Week 04: Chapters 5 and 7 Flashcards
accuracy
Refers to how close a measurement is to the true or accepted value. Precision refers to how close measurements of the same item are to each other.
expectancy effect
The tendency for someone to become the kind of person others expect him or her to be; also known as a self-fulfill- ing prophecy and behavioral confirmation.
four-factor theory
Robert Rosenthal identified climate, input, output and feedback were the four factors that led to teacher’s expectation of their students impacting those students’ behavior.
* Climate referred to the fact that if a teacher has high expectations for their students, they may create a warm socio-economic environment. They feel positively towards their students and the classroom would reflect this attitude.
* Input suggested that teachers will give students they believe are intelligent more and better-quality materials.
* Output meant that teachers will give those students more opportunities to respond and engage in the classroom.
* The last factor was feedback, that referred to the likelihood that better performing students may receive more detailed feedback from their teachers on how to improve.
constructivism
The philosophical view that reality, as a concrete entity, does not exist and that only ideas (“constructions”) of reality exist.
critical realism
The philosophical view that the absence of perfect, infallible criteria for determining the truth does not imply that all interpretations of reality are equally valid; instead, one can use empirical evidence to determine which views of reality are more or less likely to be valid.
convergent validation
The process of assembling diverse pieces of information that converge on a common conclusion.
interjudge agreement
The degree to which two or more people making judgments about the same person provide the same description of that person’s personality.
behavioral prediction
The degree to which a judgment or measurement can predict the behavior of the person in question.
predictive validity
The degree to which one measure can be used to predict another.
moderator variable
A variable that affects the relationship between two other variables.
judgability
The extent to which an individual’s personality can be judged accurately by others.
rank-order consistency
The maintenance of individual differences in behavior or personality over time or across situations.
temperament
The term often used for the “personality” of very young, pre-verbal children. Aspects of temperament include basic attributes such as activity level, emo- tional reactivity, and cheerfulness.
heterotypic continuity
The reflection of the consistency of fundamental differences in personality that changes with age; e.g., the emotionally fragile child will act differently than the emotionally fragile adult, but the underlying trait is the same.
person-environment transactions
The processes by which people respond to, seek out and create environments that are compatible with, and may magnify, their personality traits.
active person-environment transaction
The process by which people seek out situations that are compatible with their personalities, or avoid situations that they perceive as incompatible.
reactive person-environment transaction
The process by which people with different personalities may react differently to the same situation.

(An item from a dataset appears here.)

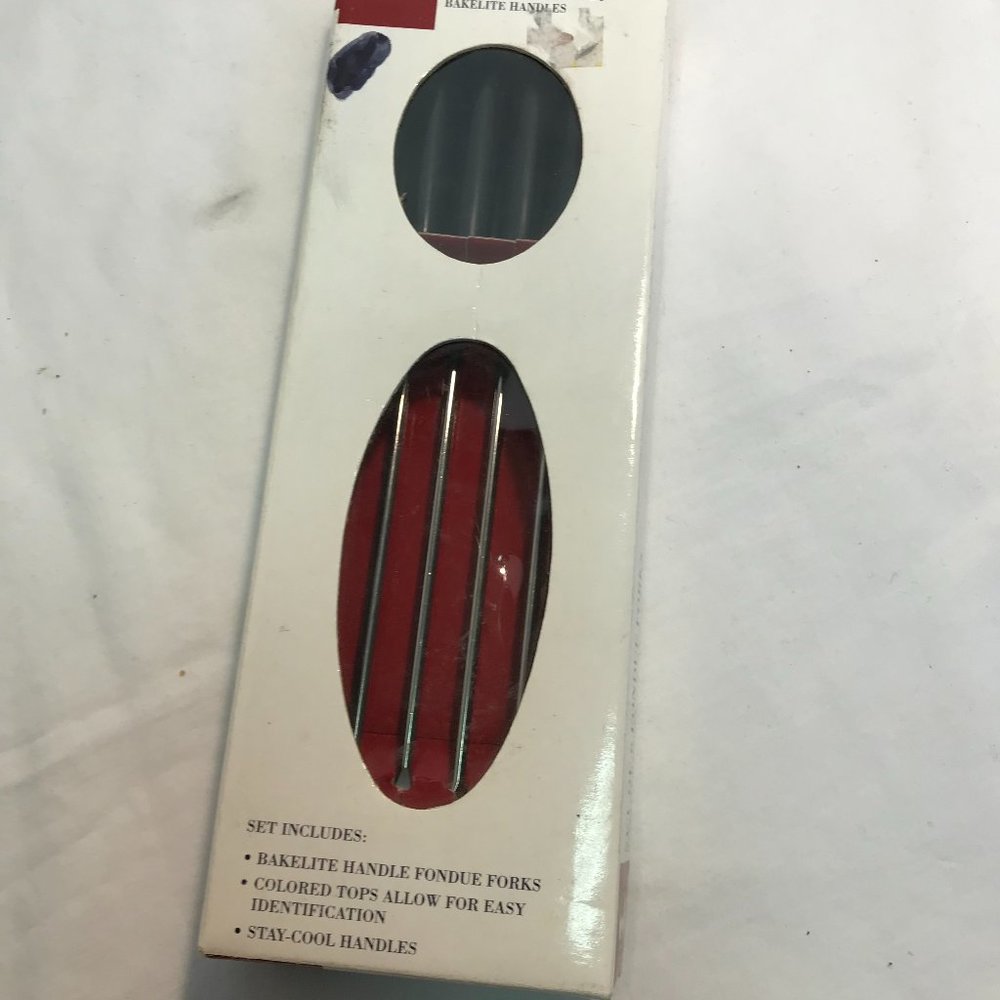 BAKELITE HANDLES Vintage Set (6) Fondue Forks STAY COOL HANDLES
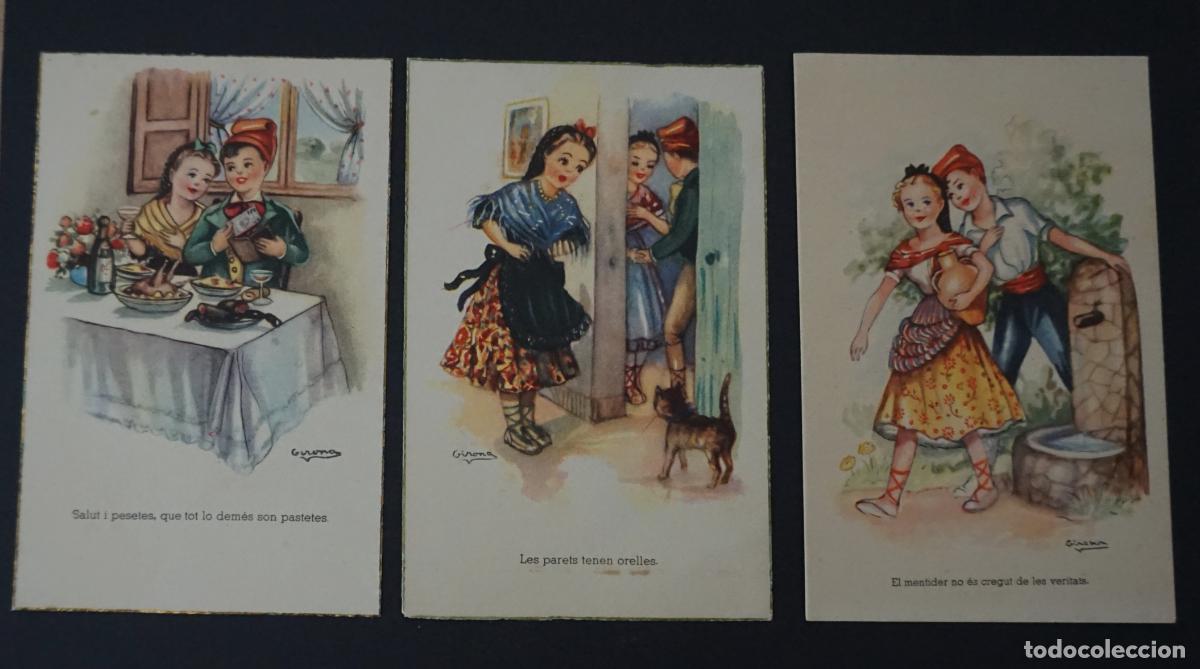Postales: 3 postal de la SERIE ADAGIS POPULAR amb refranys catalans, circuladas en los a&ntilde;os 40 y 50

evocative person-environment transaction
The process by which a people may change situations they encounter through behaviors that express their
personality.
cumulative continuity principle
The idea that personality becomes more stable and unchanging as a person gets older.
personality development
Change in personality over time, including the development of adult personality from its origins in in- fancy and childhood, and changes in personality over the life span.
cross-sectional study
A study of personality development in which people of different ages are assessed at the same time.
cohort effect
The tendency for a research finding to be limited to one group, or cohort, of people, such as people all living during a particular era or in a particular location.
longitudinal study
A study of personality development in which the same people are assessed repeatedly over extended periods of time, sometimes many years.
maturity principle
The idea that traits associated with effective functioning increase with age.
social clock
The traditional expectations of society for when a person is expected to have achieved certain goals such as starting a family or getting settled into a career.
narrative identity
The story one tells oneself about who one is.
social investment principle
The social investment principle states that investing in social institutions, such as age-graded social roles, is one of the driving mechanisms of personality development.